Caso não encontre emprego no Brasil, Salata se verá “obrigado” a se aposentar, para não depender apenas de suas aplicações financeiras. Ele pode requerer o benefício em março do ano que vem, quando terá 35 anos de contribuição. Mas, com apenas 56 anos, assumirá 30% de perda no valor do benefício.

Na avaliação de Rogério Nagamine Costanzi, coordenador de Previdência do Ipea, o impacto da criação de uma idade mínima vai atingir os mais bem qualificados e de maior renda:

— O grupo que será mais afetado é o das pessoas com mais qualificação, maior renda, trajetória laboral estável e que, na prática, continuam trabalhando após se aposentarem. São os que têm mais facilidade de inserção no mercado. Isso atenuaria o impacto da reforma.

Professor da Ebape/FGV, Kaizô Iwakawi Beltrão destaca que o fato de uma parcela grande dos trabalhadores permanecer no mercado mesmo depois de se aposentar minimiza a necessidade de políticas compensatórias.

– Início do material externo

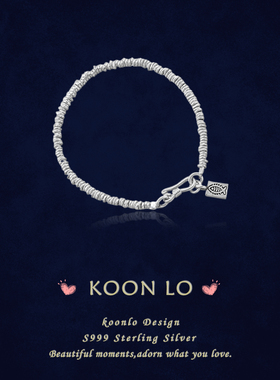 「小鱼方盘缠」S999纯银手链手作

Quase metade (45,5%) dos homens aposentados entre 60 e 64 anos continua trabalhando, enquanto na faixa de 65 a 69 anos esse percentual é de 38,1%.

— Já existe algum mercado de trabalho para aqueles mais velhos, talvez não para todos os grupos. Não acho que uma reforma da Previdência crie a necessidade de políticas.